§ **TASK ITEM**
Range to repeat from the listing below: the line containing "Watercolor illustration of" down to the line containing "Betterland 26 Inch", both included. Copy it exactly, pictures excluded, and add nothing else.

§ **TASK MATERIAL**
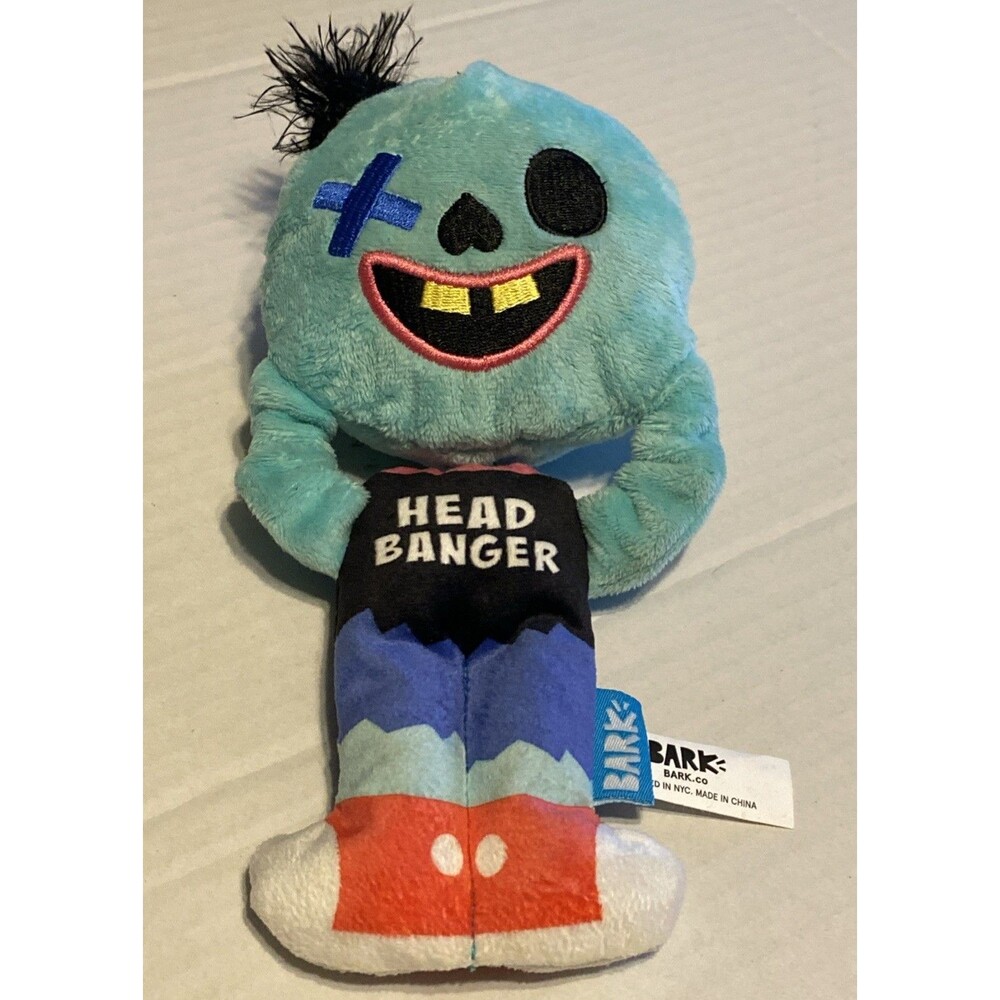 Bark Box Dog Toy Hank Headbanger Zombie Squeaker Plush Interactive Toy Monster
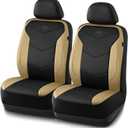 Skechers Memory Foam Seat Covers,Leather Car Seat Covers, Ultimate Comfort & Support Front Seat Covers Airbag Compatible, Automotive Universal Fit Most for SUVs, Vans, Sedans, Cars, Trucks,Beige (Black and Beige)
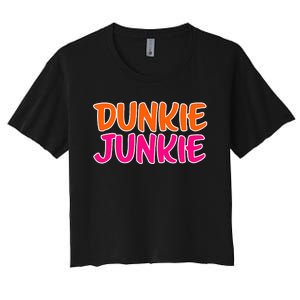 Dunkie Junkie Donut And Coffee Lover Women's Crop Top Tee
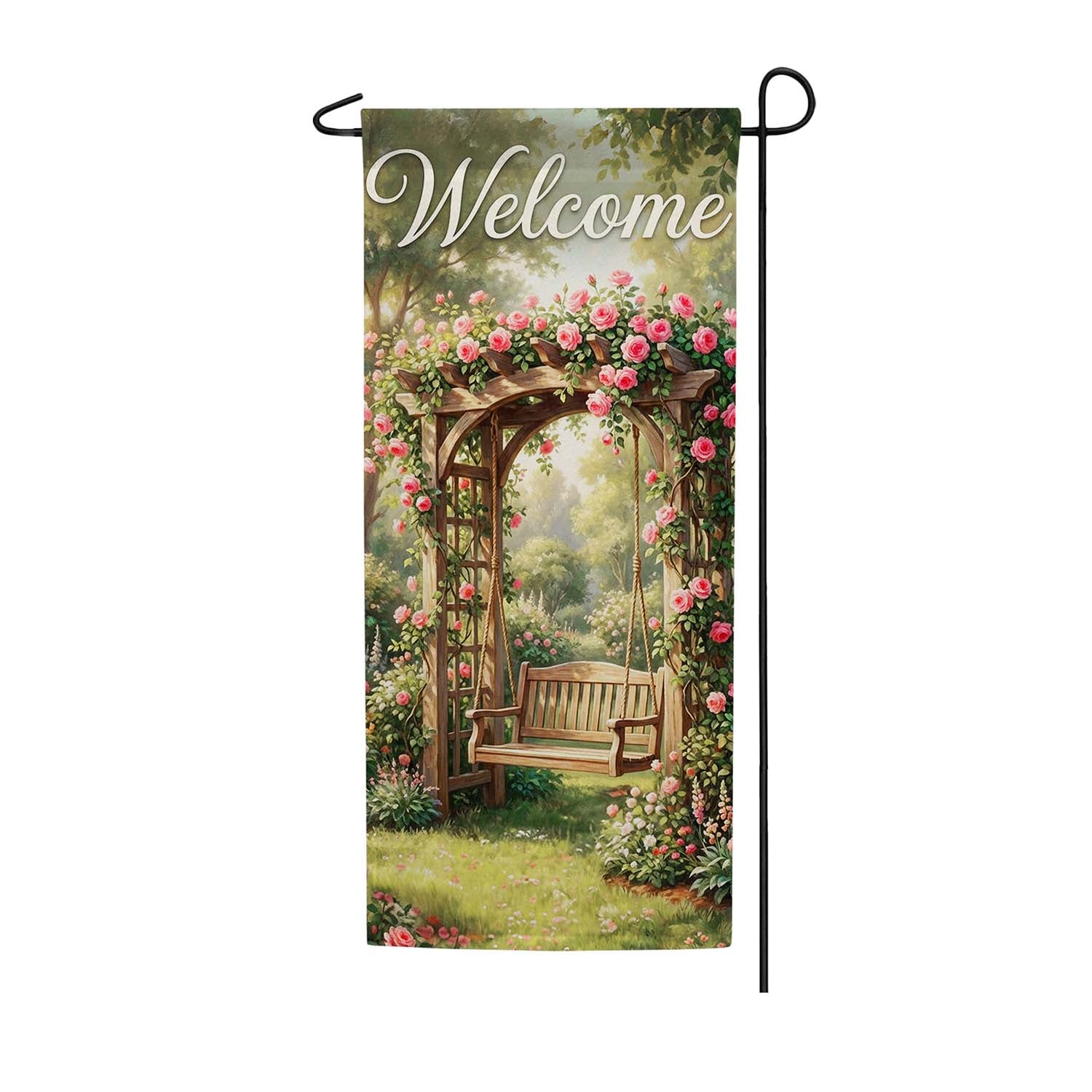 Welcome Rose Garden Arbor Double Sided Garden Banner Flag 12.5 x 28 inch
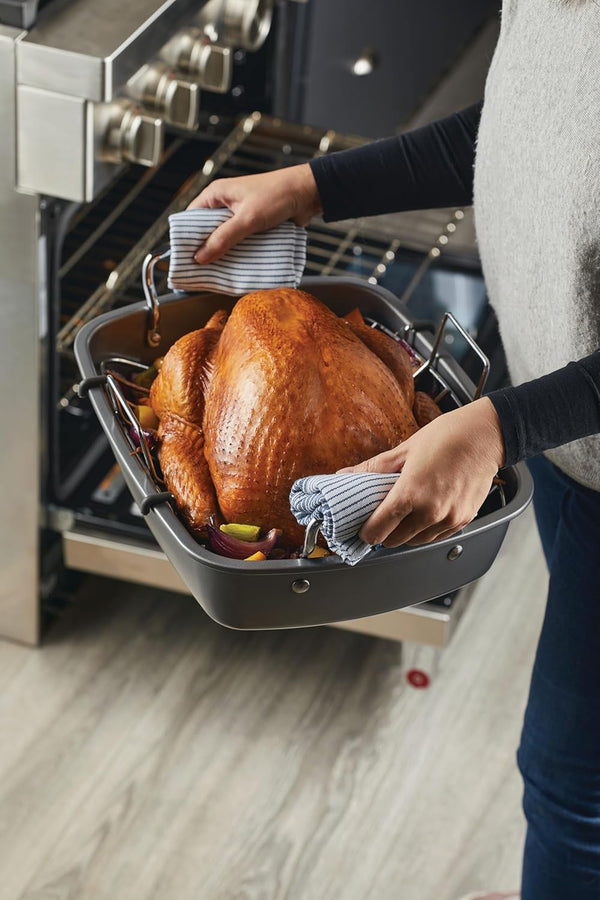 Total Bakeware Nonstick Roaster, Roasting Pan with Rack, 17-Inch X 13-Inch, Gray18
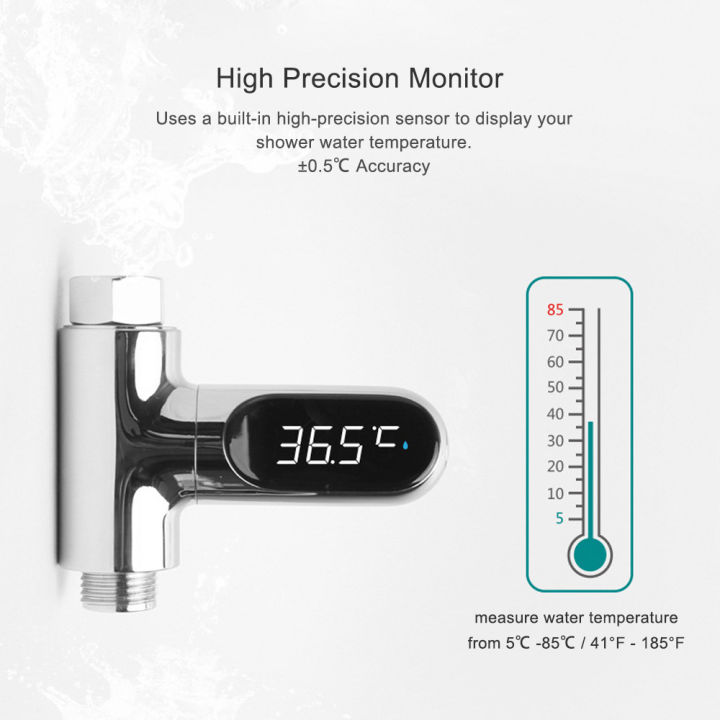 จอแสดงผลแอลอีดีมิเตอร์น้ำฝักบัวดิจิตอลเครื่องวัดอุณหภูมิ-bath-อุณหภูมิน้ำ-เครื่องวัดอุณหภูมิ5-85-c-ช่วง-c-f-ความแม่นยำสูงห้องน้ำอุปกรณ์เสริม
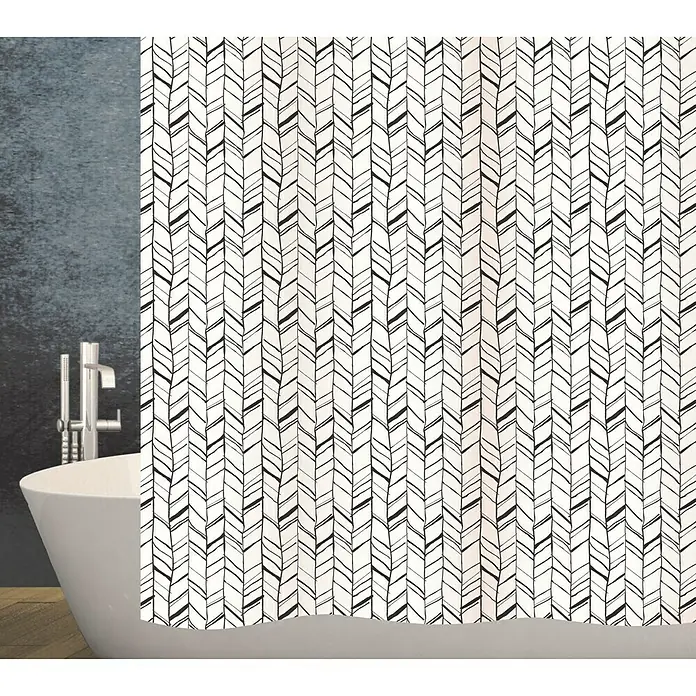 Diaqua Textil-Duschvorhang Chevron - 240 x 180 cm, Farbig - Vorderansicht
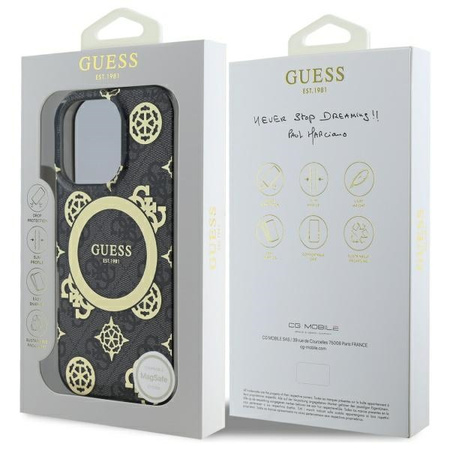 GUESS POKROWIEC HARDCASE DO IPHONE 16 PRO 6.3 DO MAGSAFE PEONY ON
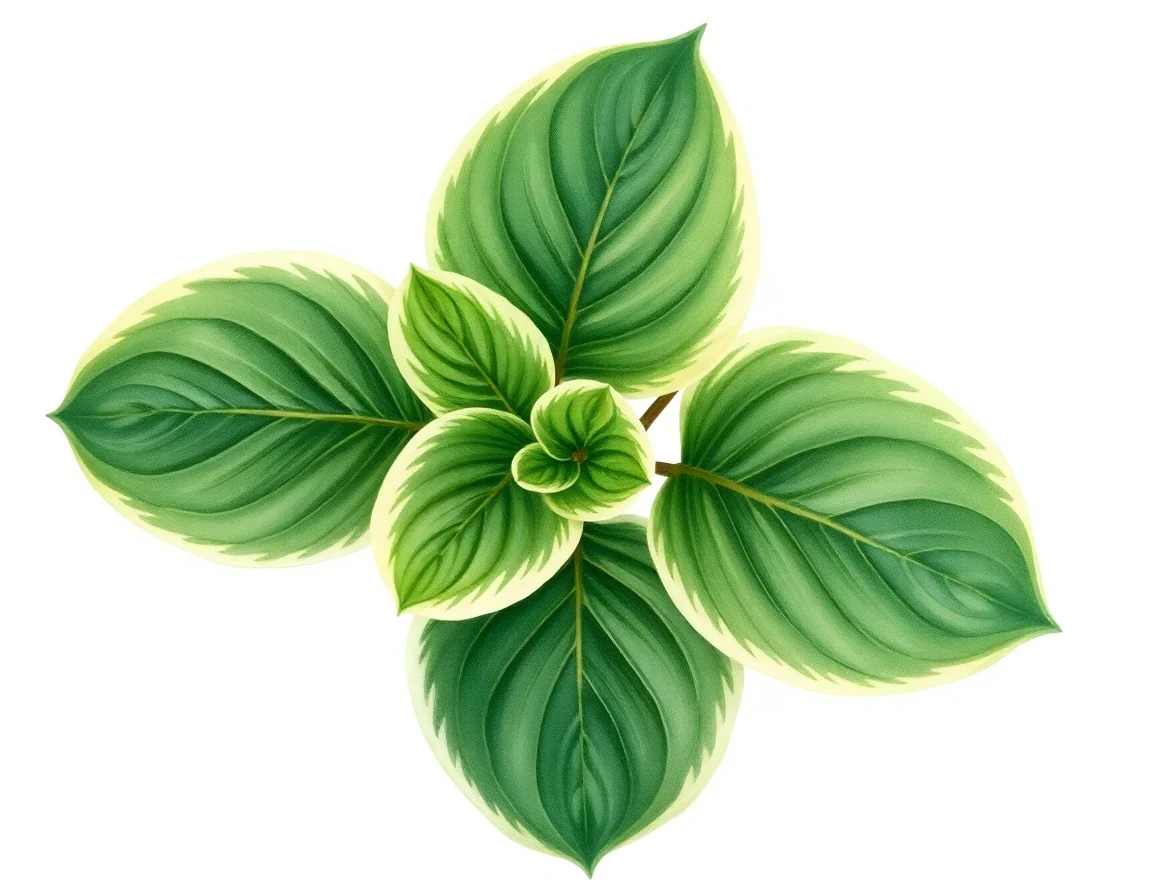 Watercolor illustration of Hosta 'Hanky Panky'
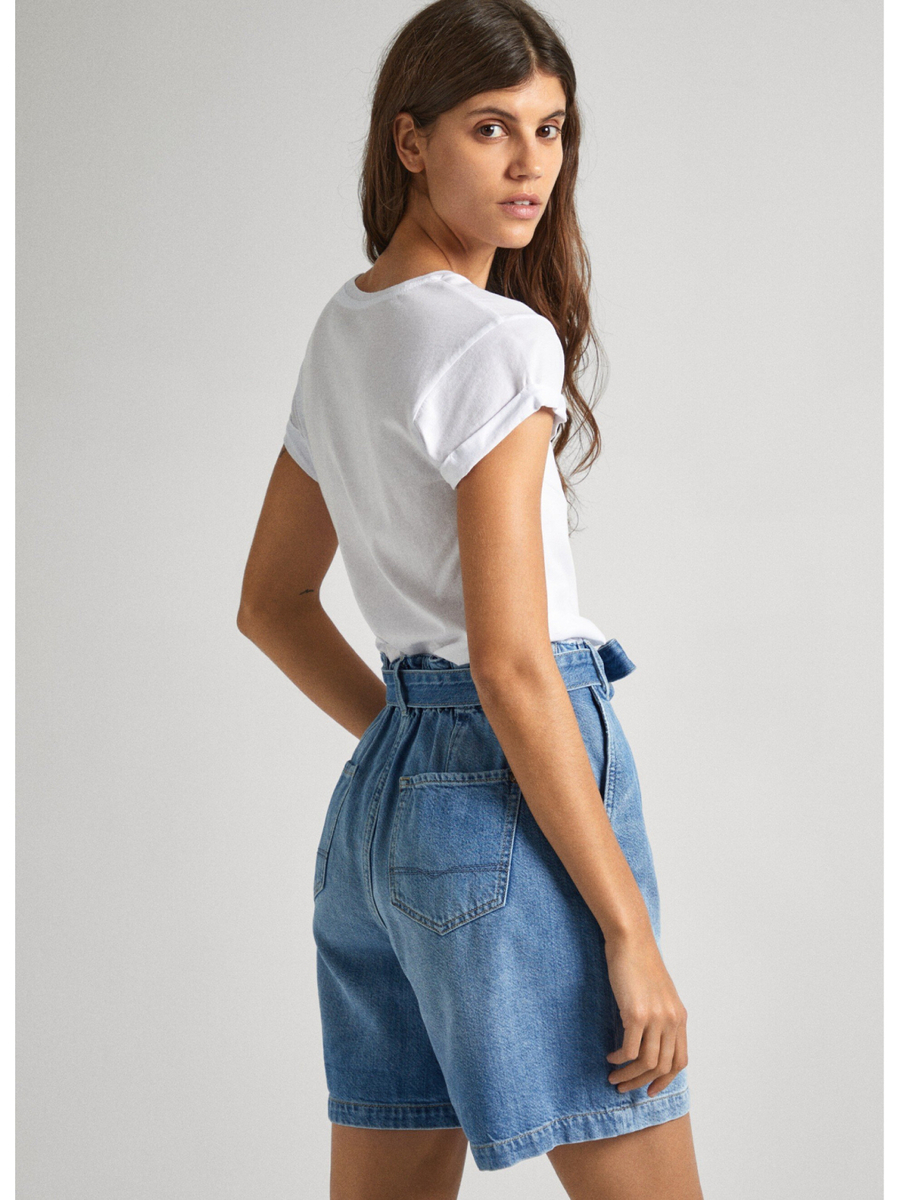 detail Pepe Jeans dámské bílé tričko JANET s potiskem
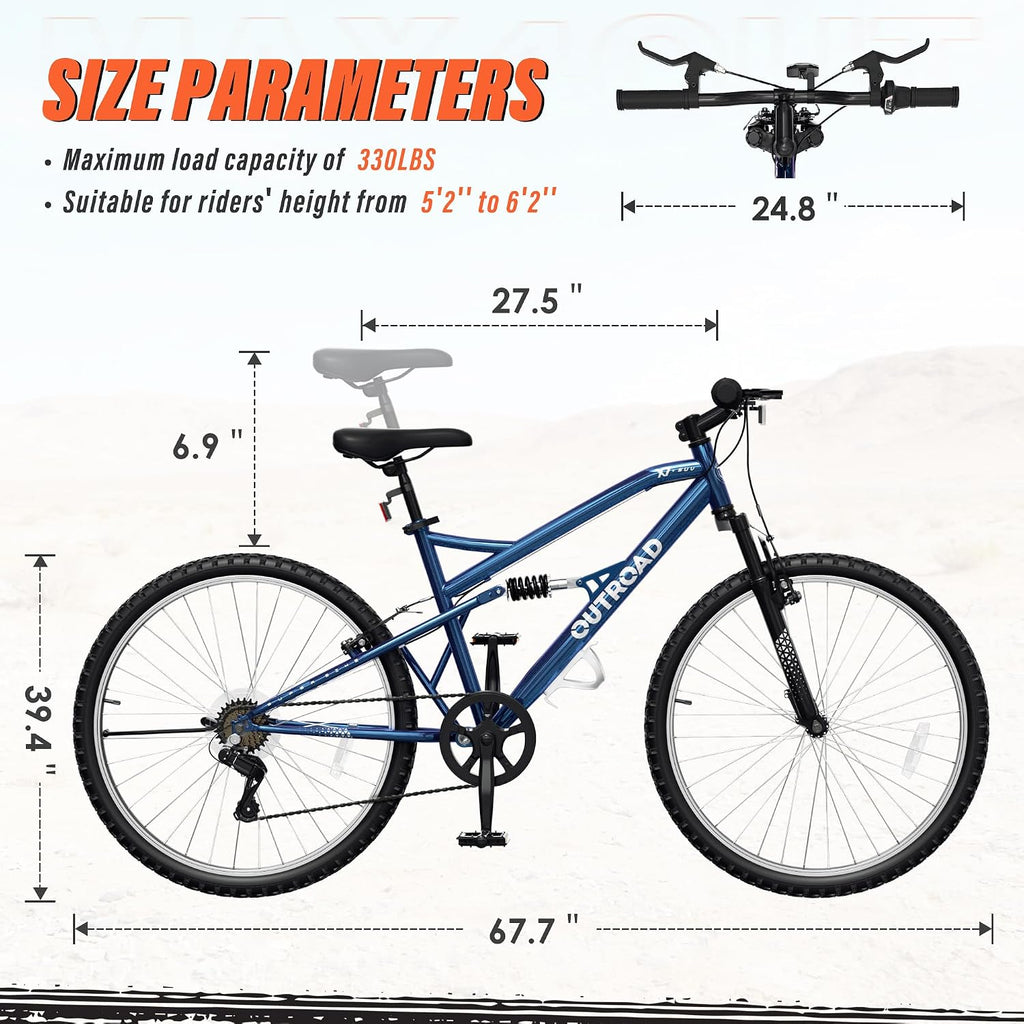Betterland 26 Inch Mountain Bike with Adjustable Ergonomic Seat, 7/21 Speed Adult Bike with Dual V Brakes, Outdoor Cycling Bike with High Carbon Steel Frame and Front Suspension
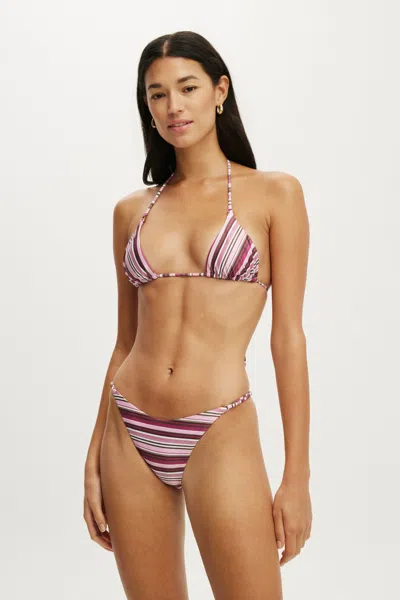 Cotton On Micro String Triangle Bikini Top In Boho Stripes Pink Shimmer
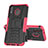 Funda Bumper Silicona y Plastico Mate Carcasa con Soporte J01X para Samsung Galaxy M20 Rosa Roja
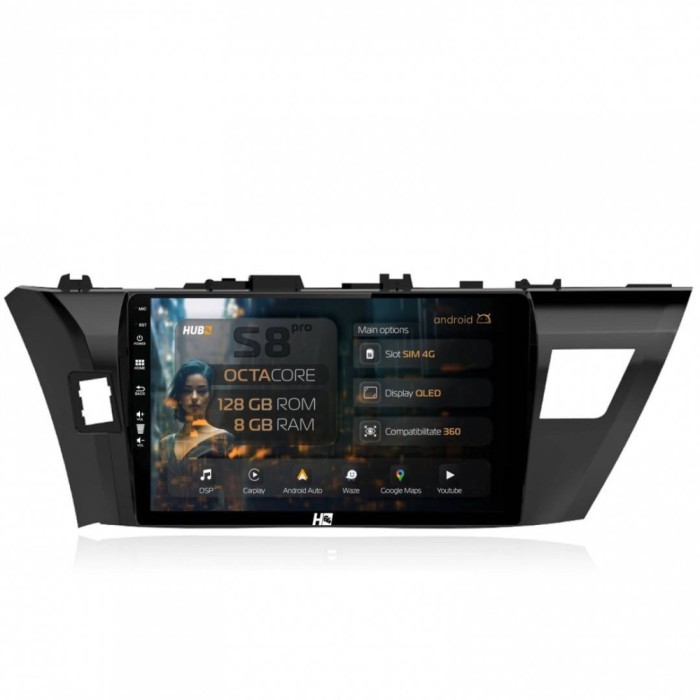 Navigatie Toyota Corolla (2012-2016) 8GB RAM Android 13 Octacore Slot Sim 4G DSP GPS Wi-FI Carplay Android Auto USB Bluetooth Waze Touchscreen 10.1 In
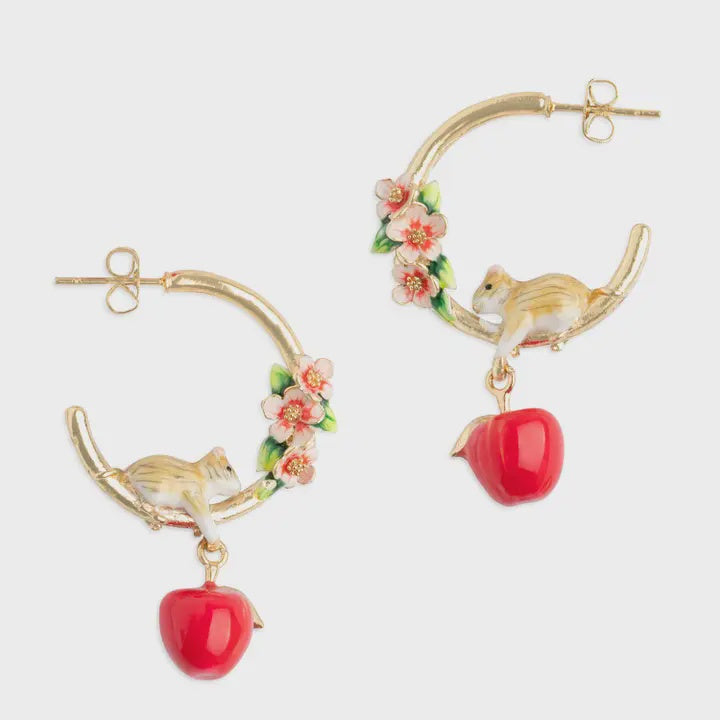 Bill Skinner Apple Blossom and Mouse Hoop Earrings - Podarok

§ **EXERCISE RESPONSE**
 Watercolor illustration of Hosta 'Hanky Panky'
 detail Pepe Jeans dámské bílé tričko JANET s potiskem
Betterland 26 Inch Mountain Bike with Adjustable Ergonomic Seat, 7/21 Speed Adult Bike with Dual V Brakes, Outdoor Cycling Bike with High Carbon Steel Frame and Front Suspension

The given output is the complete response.